> [ACTION ITEM] Each record below should be reproduced as it is written, with pictures left out entirely.

> [DATA SECTION]
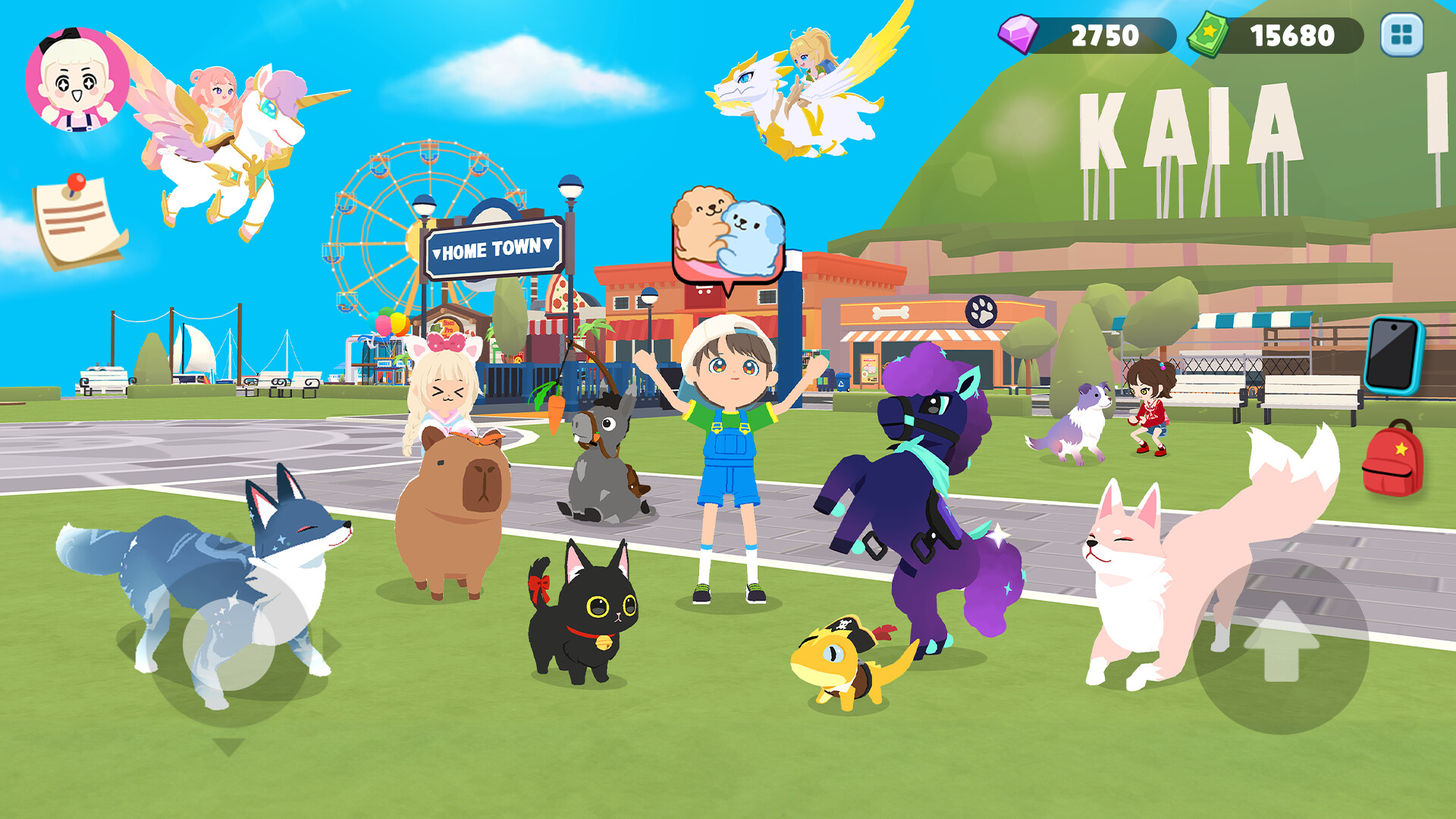 Play Together Screenshot 2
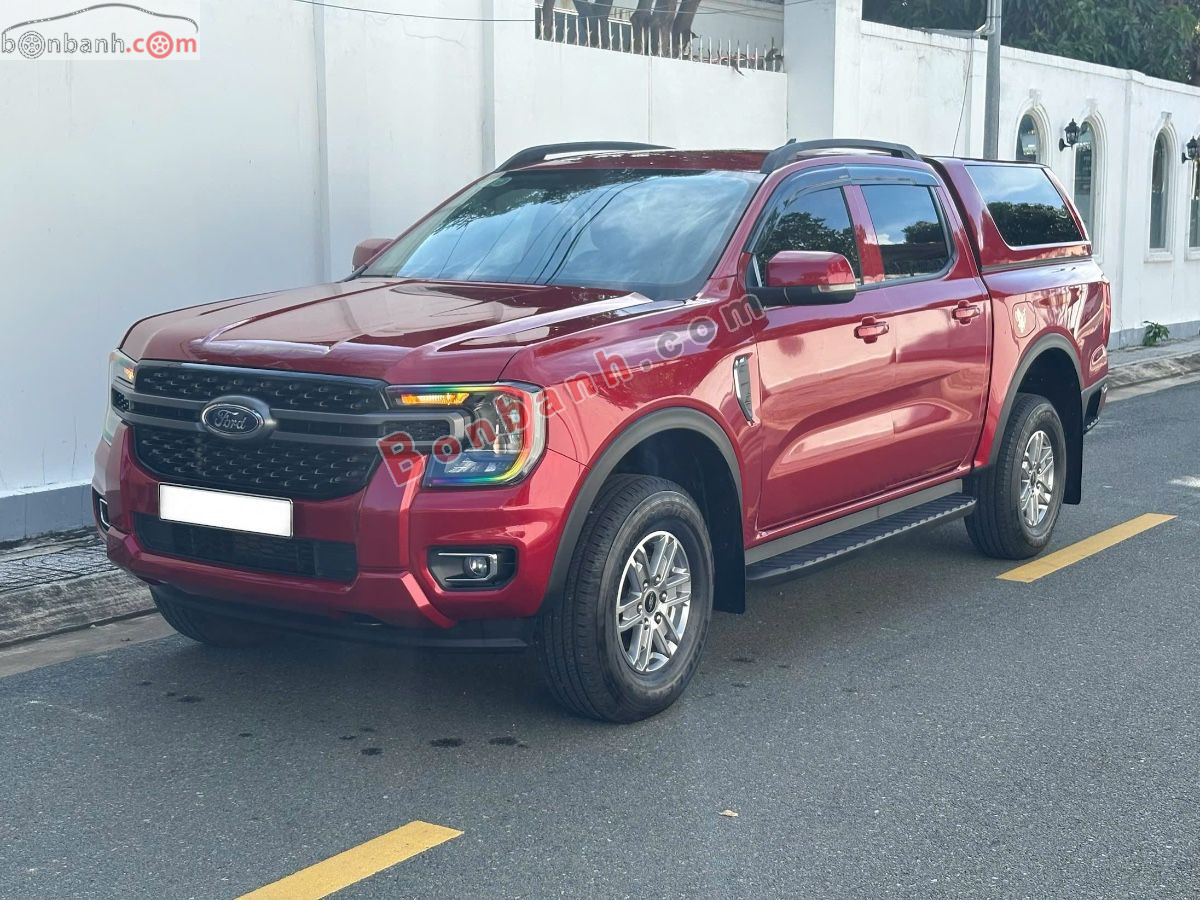 Bán ô tô Ford Ranger XLS 2.0L 4x2 AT - 2025 - xe cũ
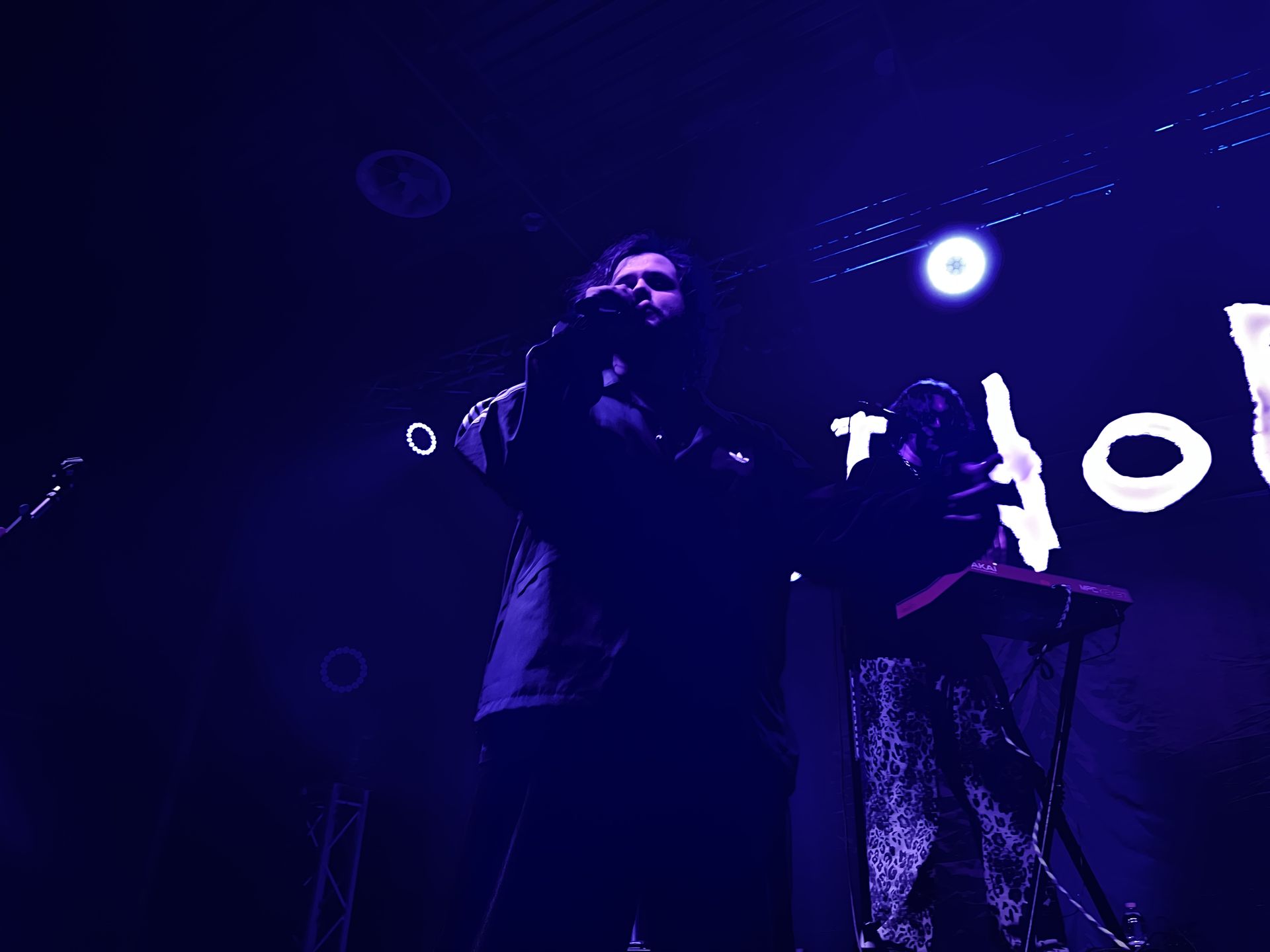 Koncert Lordofon w Od Nowie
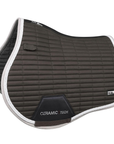 Fair Play Jump Saddle Pad QUARTZ CERAMIC, Taupe Grey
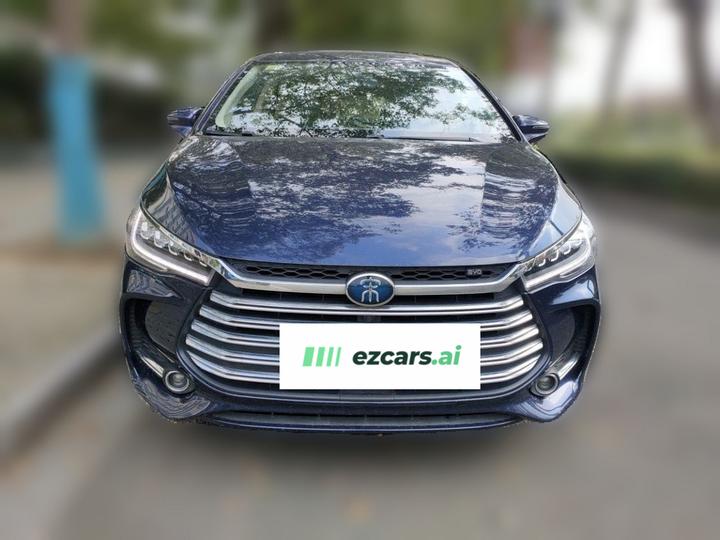 Song MAX EV 2019 DM 1.5T Connected 6-Seater China VI photo 2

> [RESULT OF THE TASK]
 Play Together Screenshot 2
 Bán ô tô Ford Ranger XLS 2.0L 4x2 AT - 2025 - xe cũ
 Koncert Lordofon w Od Nowie
 Fair Play Jump Saddle Pad QUARTZ CERAMIC, Taupe Grey
 Song MAX EV 2019 DM 1.5T Connected 6-Seater China VI photo 2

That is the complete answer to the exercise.